John Paul

Small Grants from a Big Institute

Thirty Chinese NGOs recently won awards totaling $650,000 from the World Bank. The winning ideas included projects that supply environmentally sustainable bio-gas to single mothers, create support networks for waste collectors, and establish community service centers to teach deaf youngsters vocational skills.

Support for such projects may come as a surprise to those more familiar with hearing about the Bank’s funding of mega-projects, such as the building of dams or power plants. The Chinese grassroots initiatives were funded through the Development Marketplace (DM), a competitive grant program of the World Bank that funds innovative, small-scale development projects. DM’s primary objective is to identify and support creative ideas that deliver results and have the potential to be expanded or replicated. Read: those that have a sustainable business model component.

The global business plan competition had humble enough roots. In 1998, the first event was held in the lobby of the World Bank building here in DC. A hundred or so projects set up booths and a handful were granted funding to further scale their activities. The competition proved so successful that it quickly outgrew its venue.Today they are held at the national or regional level. Nine competitions, involving 17 countries, are scheduled between December 2005 and June 2006.

The DM is indicative of a change in focus and approach at the Bank. Perhaps the increased support for social services like health, nutrition, education and pensions is partly a result of the protests that accused the Bank’s mega-projects of largely benefiting the wealthy people in western nations and transnational corporations and furthering the race to the bottom.

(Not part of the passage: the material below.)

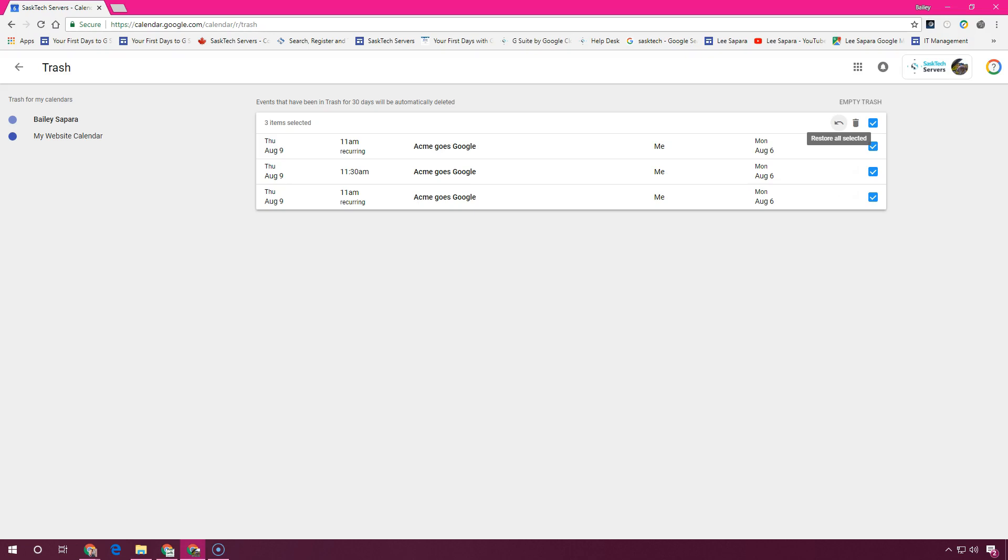Otherwise, to permanently delete the event, you can choose the trash can after you've selected those events.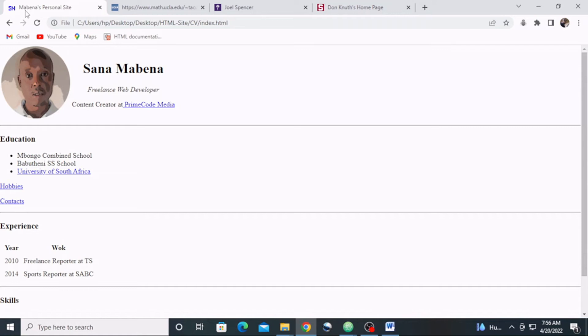Hello and welcome to the fourth episode of our HTML for Beginners series here on Prime Code Media. My name is Sana Mapena. In this episode, I'll be discussing with you the text structure of an HTML document.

The Marketplace addresses these concerns by tackling newer issues like gender, community-driven development and the rights and roles of indigenous people in development.

“It is important and necessary for civil society organizations to play a key role in supplementing the government’s efforts in the fight against poverty,? says World Bank Vice President Frannie Leautier. “Often focusing on particular districts, and working closely with local governments, CSO interventions involve capacity building, training and service-delivery in micro-credit, agriculture, off-farm employment, education, health, water and sanitation, and other activities.?

The program has already spawned one spin-off. GlobalGiving was founded by two former World Bank executives who decided to use the Internet to create a highly efficient marketplace. The GlobalGiving platform enables donors to give money directly to projects, and monitor their progress online as goals are met.

Both the DM and GlobalGiving push development dollars further into the communities where they?re needed most. In doing so, they put more control into the hands of the people who will benefit most from a project’s success.